▶ STUDY MATERIAL
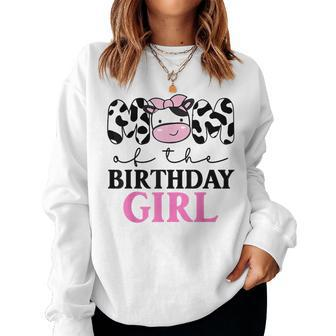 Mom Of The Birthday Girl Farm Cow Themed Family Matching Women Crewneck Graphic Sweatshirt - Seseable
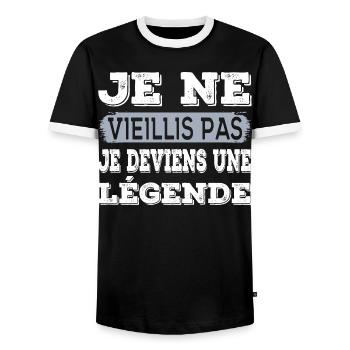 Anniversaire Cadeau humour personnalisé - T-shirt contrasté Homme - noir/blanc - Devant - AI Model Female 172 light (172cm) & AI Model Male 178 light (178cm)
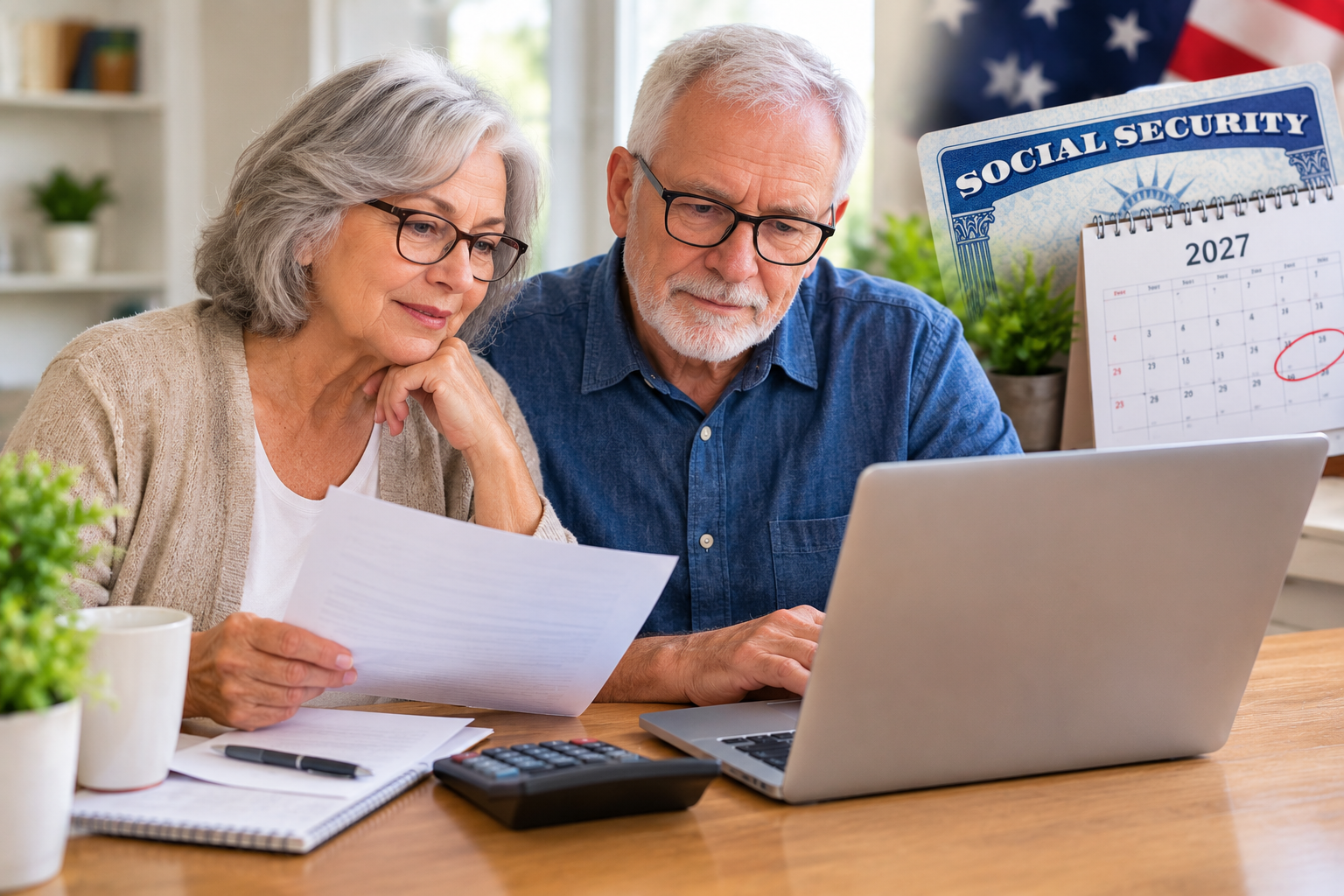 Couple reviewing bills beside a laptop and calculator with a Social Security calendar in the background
* * *
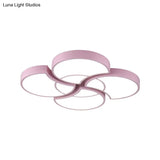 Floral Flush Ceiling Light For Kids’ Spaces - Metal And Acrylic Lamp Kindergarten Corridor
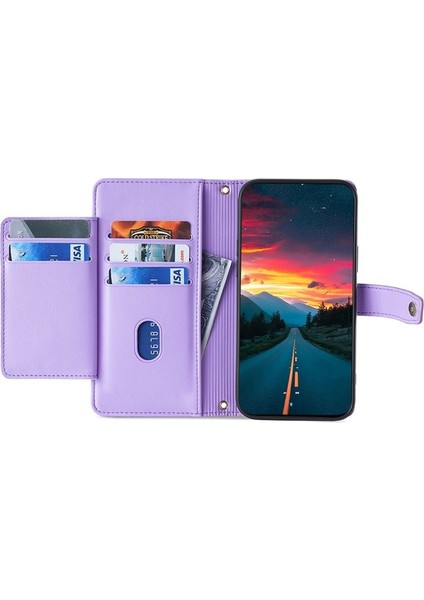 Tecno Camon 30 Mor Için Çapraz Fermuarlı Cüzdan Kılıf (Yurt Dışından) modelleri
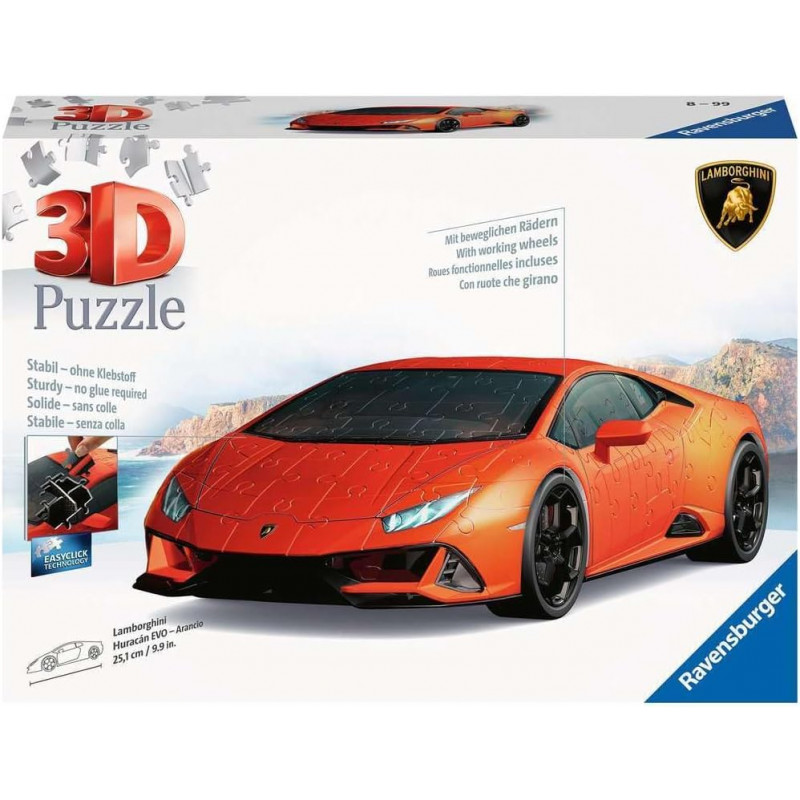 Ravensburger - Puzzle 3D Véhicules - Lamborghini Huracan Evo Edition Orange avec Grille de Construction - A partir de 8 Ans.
---
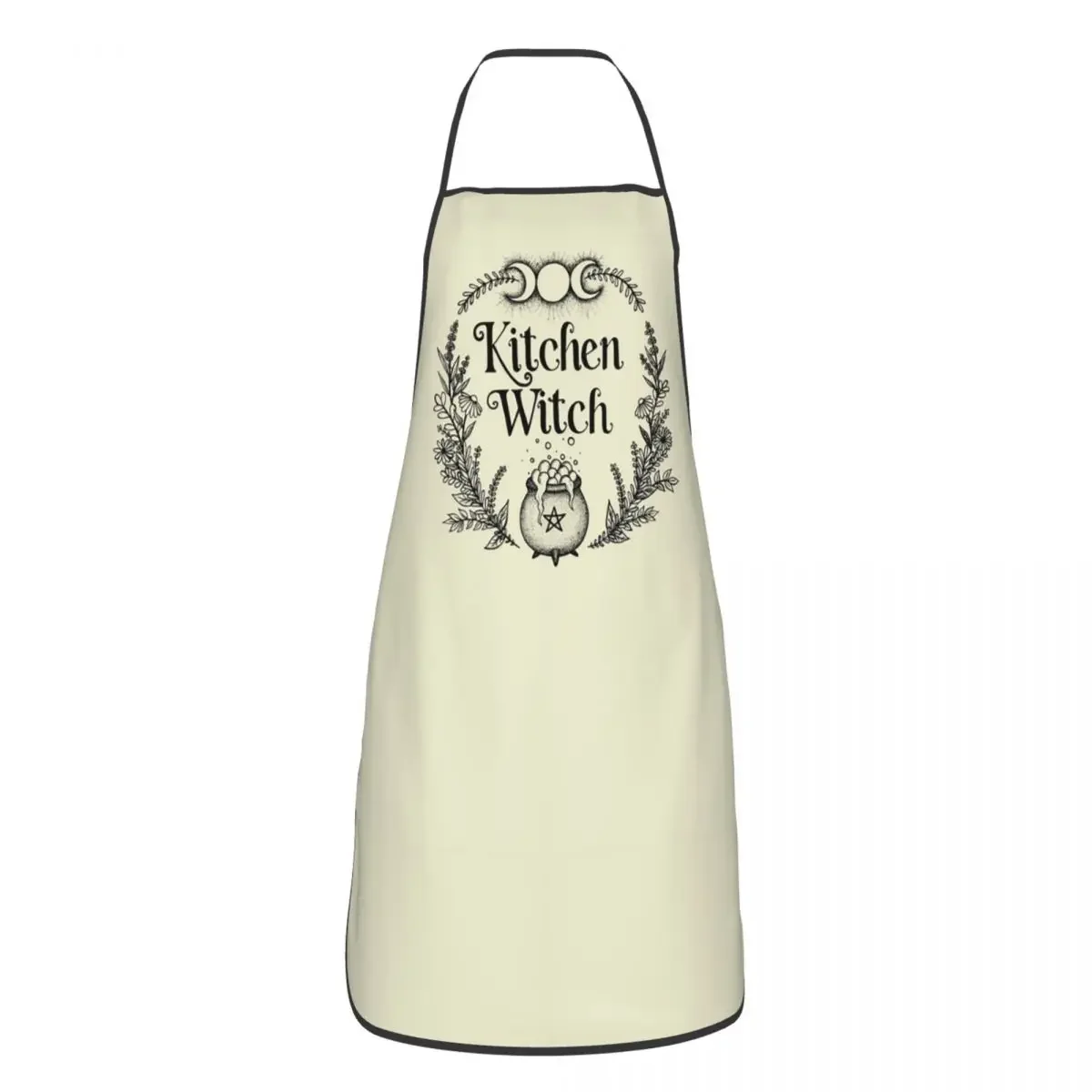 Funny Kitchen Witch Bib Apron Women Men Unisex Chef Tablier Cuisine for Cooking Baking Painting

▶ YOUR INSTRUCTIONS
Restate word for word the lines of the data above that begin at the line with "Mom Of The Birthday" and end at the line with "Couple reviewing bills", keeping both ends and dropping every picture.

▶ REPLY TO THE TASK
 Mom Of The Birthday Girl Farm Cow Themed Family Matching Women Crewneck Graphic Sweatshirt - Seseable
 Anniversaire Cadeau humour personnalisé - T-shirt contrasté Homme - noir/blanc - Devant - AI Model Female 172 light (172cm) & AI Model Male 178 light (178cm)
 Couple reviewing bills beside a laptop and calculator with a Social Security calendar in the background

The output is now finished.